**Exercise directions**
Return the listing below verbatim. Pictures do not belong in the copy.

**Raw data**
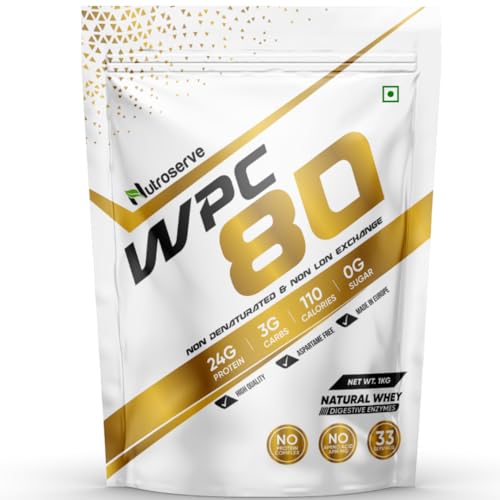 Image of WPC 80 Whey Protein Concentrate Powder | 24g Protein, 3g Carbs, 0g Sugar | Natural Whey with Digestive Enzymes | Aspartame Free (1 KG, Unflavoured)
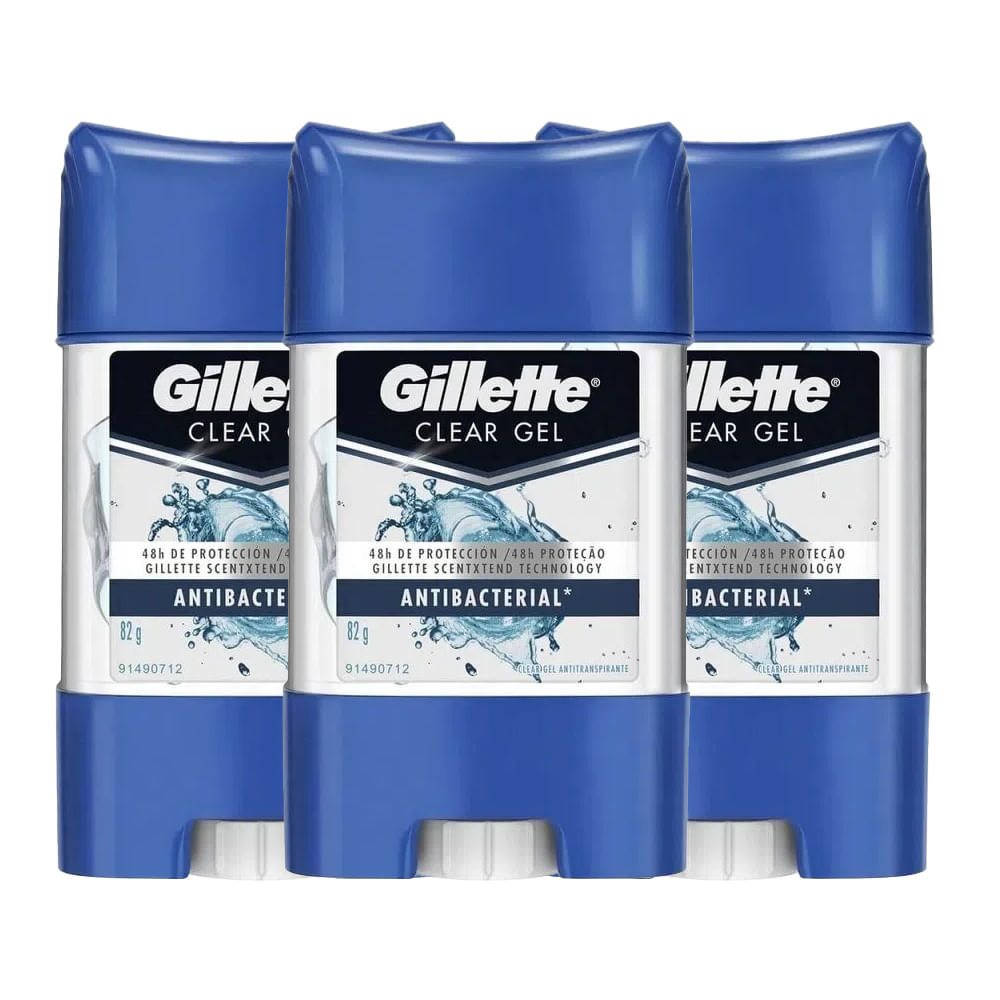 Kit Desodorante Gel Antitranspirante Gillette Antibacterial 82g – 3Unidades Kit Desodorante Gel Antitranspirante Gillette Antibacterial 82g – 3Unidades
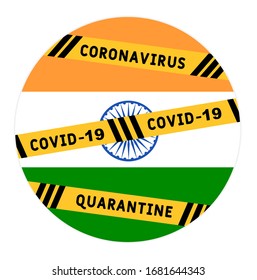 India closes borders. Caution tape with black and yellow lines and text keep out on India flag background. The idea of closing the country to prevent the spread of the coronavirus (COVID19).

**Reply to the task**
 Image of WPC 80 Whey Protein Concentrate Powder | 24g Protein, 3g Carbs, 0g Sugar | Natural Whey with Digestive Enzymes | Aspartame Free (1 KG, Unflavoured)
 Kit Desodorante Gel Antitranspirante Gillette Antibacterial 82g – 3Unidades Kit Desodorante Gel Antitranspirante Gillette Antibacterial 82g – 3Unidades
 India closes borders. Caution tape with black and yellow lines and text keep out on India flag background. The idea of closing the country to prevent the spread of the coronavirus (COVID19).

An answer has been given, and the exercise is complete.